In this tutorial, we will study Markov models. Markov model is a four-tuple $(\Sigma, S, P_t, P_0)$ where

- $\Sigma$ is an alphabet,
- $S$ is a set of states,
- $P_t : S \times S \mapsto [0,1]$ is a matrix of transition probabilities, and
- $P_0 : S \mapsto [0, 1]$ is initial probability distribution on the states.

The Markovian property is useful as for any sequence $x \in \Sigma^*$ $$ P(x) = P_0(x_1) \cdot P_t(x_2 \mid x_1) \cdot P_t(x_3 \mid x_2) \cdots P_t(x_l \mid x_{l-1}). $$

Consider the following Markov model:
How would you calculate a probability of a sequence?

Is there anything missing?

How long can be sequences generated by this model?

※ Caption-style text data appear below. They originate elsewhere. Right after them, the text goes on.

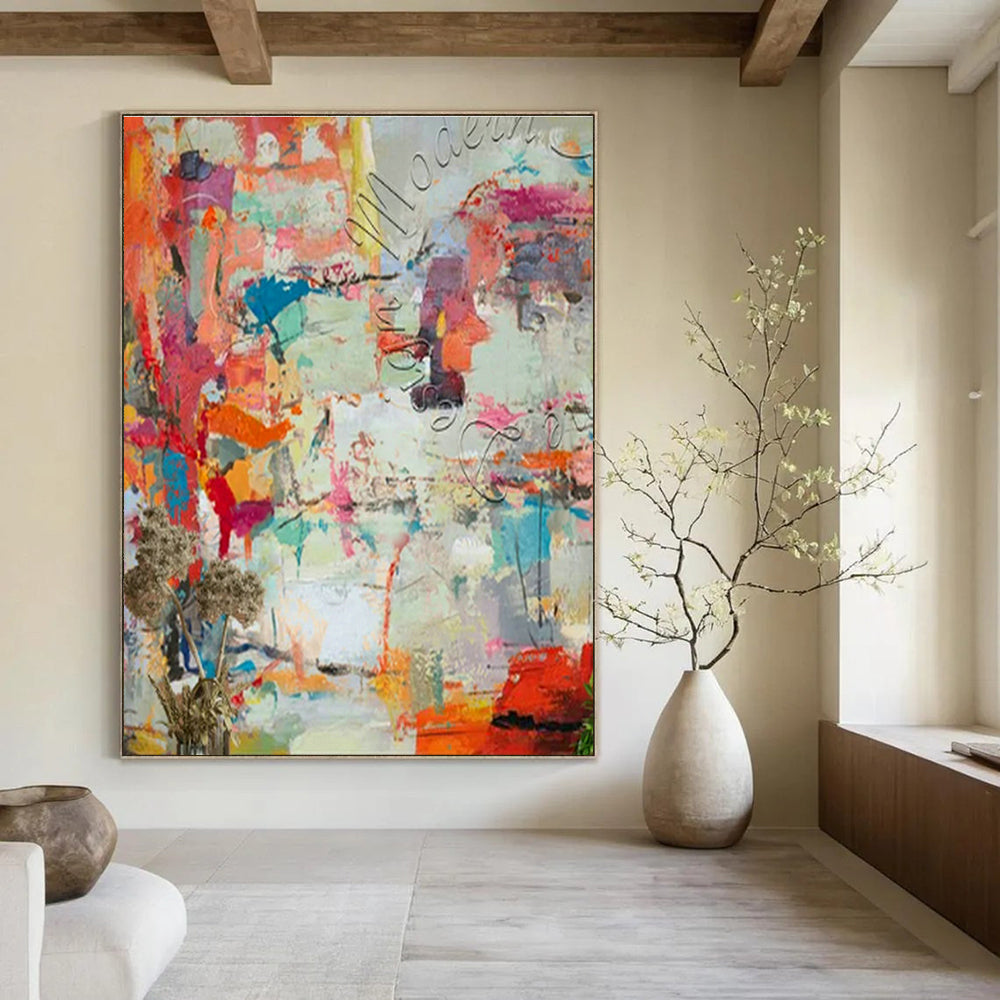 Large Hand-Painted Abstract Art for Office and Dining Room DLZ1827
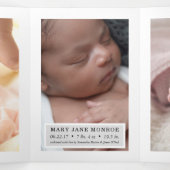 Modern White 6 foto collage Baby geboorte Drieluik Aankondiging (Binnenkant midden)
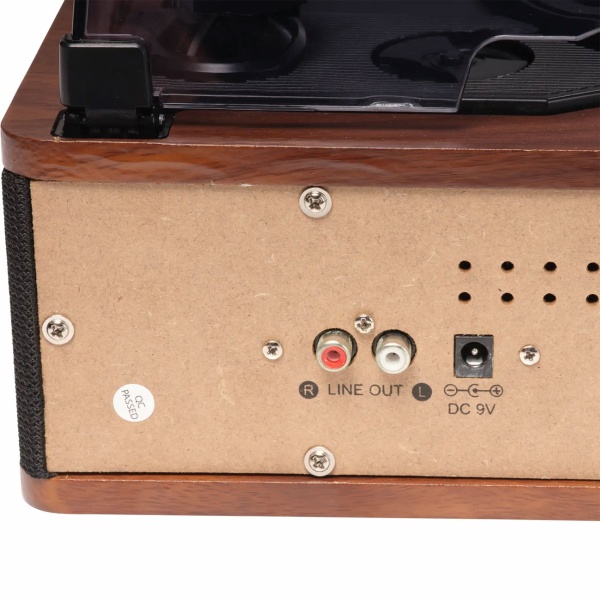 Retro Plattenspieler mit Bluetooth & integrierten Lautsprechern – Edles Vinyl Design, 3 Geschwindigkeiten, Line-Out – Vintage Musikanlage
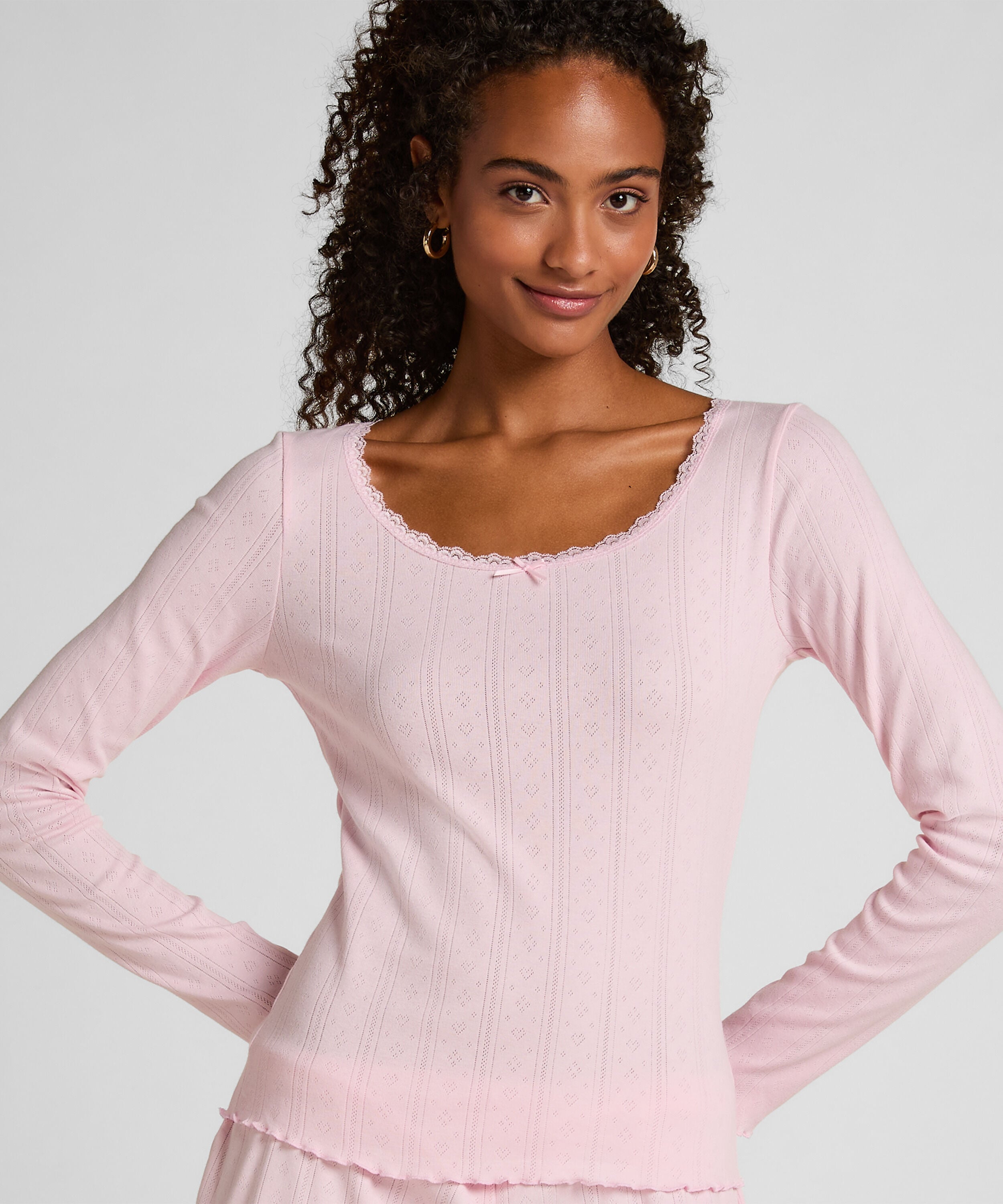 Pyjama-Oberteil Pointelle, Rosa Pyjama-Oberteil Pointelle, Rosa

Hidden Markov models separate states from the observable symbols. Each state generates a symbol that is visible to us. To modify the model, we have to add emission probabilities:

- $P_e : S \times \Sigma \mapsto [0,1]$

Imagine that you are in a casino playing a game. The dealer is tossing a coin, and you bet the outcome. However, a friend notified you in advance that the dealer is a crook and sometimes he replaces the fair coin with a biased one and then the game follows with the biased coin for several moves. The biased coin generates heads with probability $\frac{3}{4}$, but the coins are visually indistinguishable. The dealer is cautious and replaces the coin only in one of ten tosses on average. Describe such a situation as a hidden Markov model, draw a diagram, write the set of states and set of observed symbols and show the transition probabilities in the diagram.

Using the model developed in the last example, calculate the probability that sequence of states $\pi = \mathrm{FFFBBBBBFFF}$ generated sequence $01011101001$. Assume that the initial probabilities of fair and biased coins are equal.

In the last problem, we assumed that we know the sequence of hidden states. This is, however, usually not true. There are two possible solutions. First, we may try to enumerate all possible paths $\pi$, which is untractable. The second option is to use dynamic programming which leads to the *forward* algorithm. Use the forward algorithm to calculate the probability of sequence $01011101001$.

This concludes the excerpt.